From what I have read, Serial output does not return until the last 2 bytes are in the USB chip.

That was true with older versions. The situation is now exactly the opposite. write simply queues the outbound byte and enables interrupts...
https://github.com/arduino/Arduino/blob/master/hardware/arduino/cores/arduino/HardwareSerial.cpp#L460

Changes made. Flush followed by delay before both timed loops.

But I must be doing something wrong because the table-lookup loop now takes 16 usecs longer though the float calculation method is shorter by 100's of usecs.

BTW,

Now 132 usecs for 91 lookup and add, 132 / 91 = 1.45 usec each on average.

Now 13848 usecs for 91 float sin() and add, 13848 / 91 = 152.18 usec each on average, over 100x as long!

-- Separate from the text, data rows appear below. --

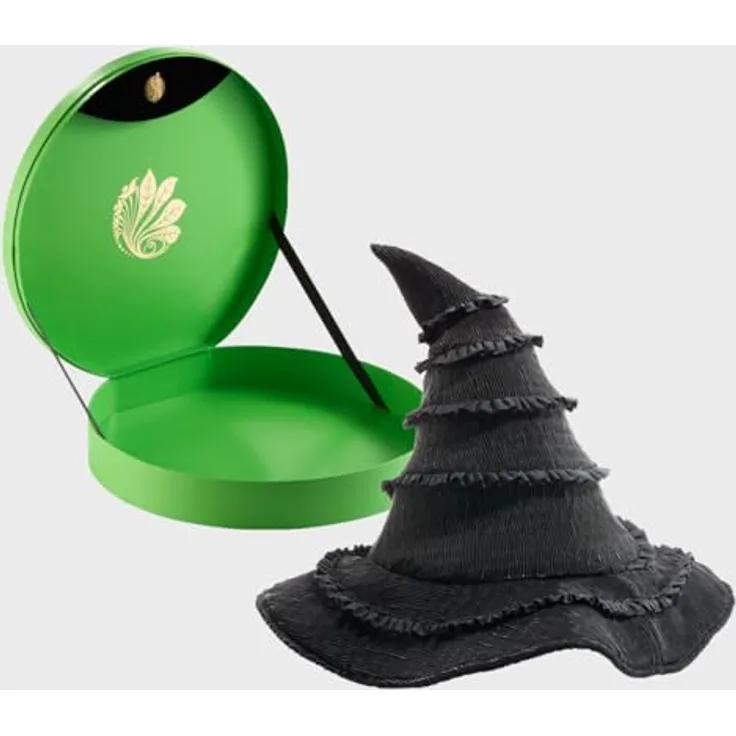 The Noble Collection Wicked Elphaba Hut, Kostümzubehör in Sammlerbox mit goldfarbenem Shiz Pin, grün, ca. 15 Zoll hoch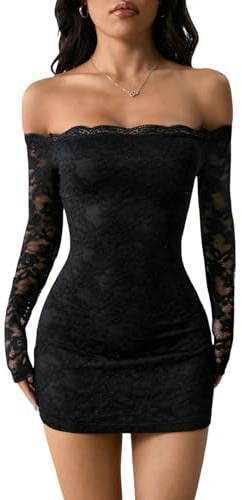 SweatyRocks Lace Dress Women's Elegant Long Sleeve Mini Dress Gothic Dress Sexy Off Shoulder Dress with Lace Party Dress Festival Outfit, black, XXS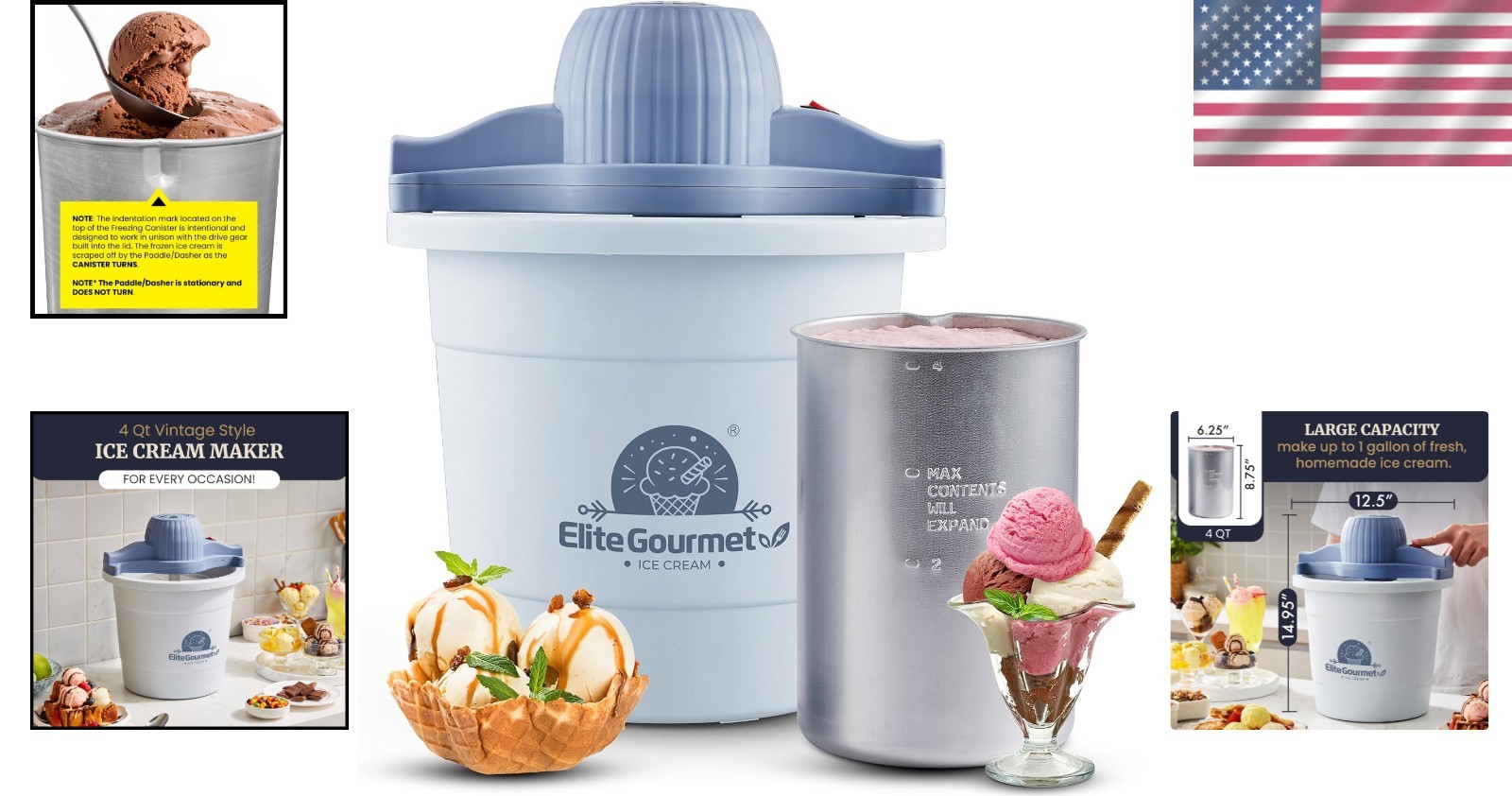 Portable 4-Quart Ice Cream Maker with 50W Motor – Gelato, Sorbet & Yogurt Bliss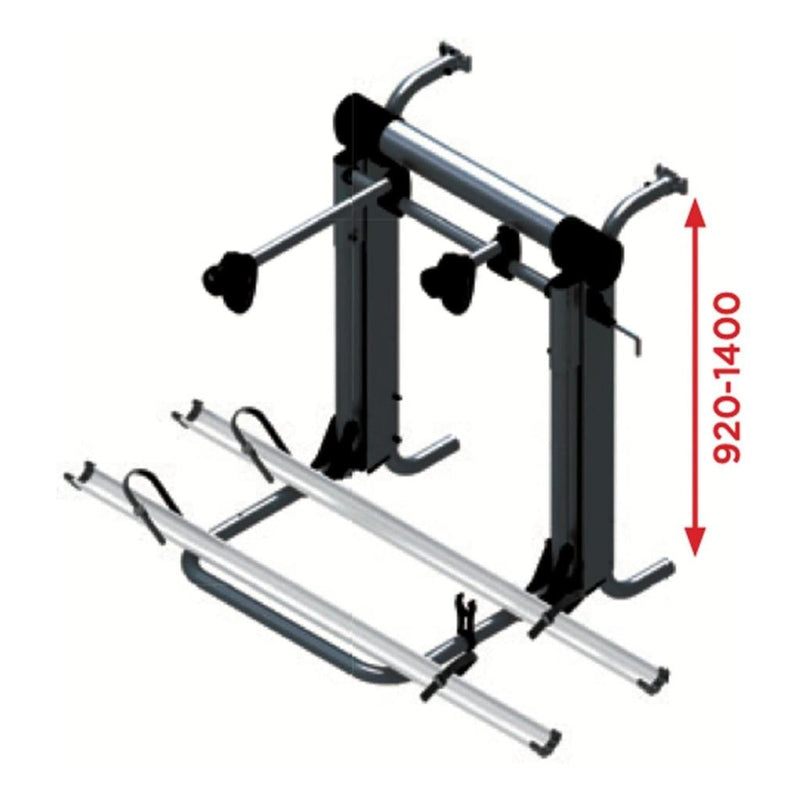 Load image into Gallery viewer, Electric 12V Bike Lift Rack Carrier 2 Bike 920-1400mm Range For Fat Tyres Inc Remote-Black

Each are very minimal get and use value tests. Any more and floating point will rate even worse. :stuck_out_tongue:

GoForSmoke:
But I must be doing something wrong because the table-lookup loop now takes 16 usecs longer...

Which brings up the next caveat with performance benchmarking. To be able to compare one thing (table lookup) to another (sine) the optimizer has to start at the same place. Very likely some code above the table lookup section allowed the optimizer to take advantage of values already loaded in registers. (Or, the optimizer did something dumb in preparation of the code after the table lookup section.) In any case, the solution is to move each section of code to be bench-marked into a separate function with inlining disabled.

...though the float calculation method is shorter by 100's of usecs.

That's what happened when I made a similar change.

Now 132 usecs for 91 lookup and add, 132 / 91 = 1.45 usec each on average.
Now 13848 usecs for 91 float sin() and add, 13848 / 91 = 152.18 usec each on average, over 100x as long!

Those look like the same numbers I was getting.

I figure that running a function means pushing a return address on the stack and a jump on exit, minimum.

If nothing else, I think those results speak highly for integer table use. That's how old flight sims were even possible.

What I think needs tabling most is anything that gets around using type float. Trig functions being a place to save some major cycles, I should add a table of sine squared's and one of roots. Cosine is just Sine read backward, you get 2 tables for the price of 1, 3 times over with squares and roots added.

Any kind of of data can be PROGMEM'd, including const-data-only Class Objects. Use a PGM_P pointer then cast it as a pointer to the object. If your objects are always the same size, you can INDEX by sizeof(object) bytes.

Should I update it to handle 32-bit PROGMEM values and show a 64-bit intermediate math example?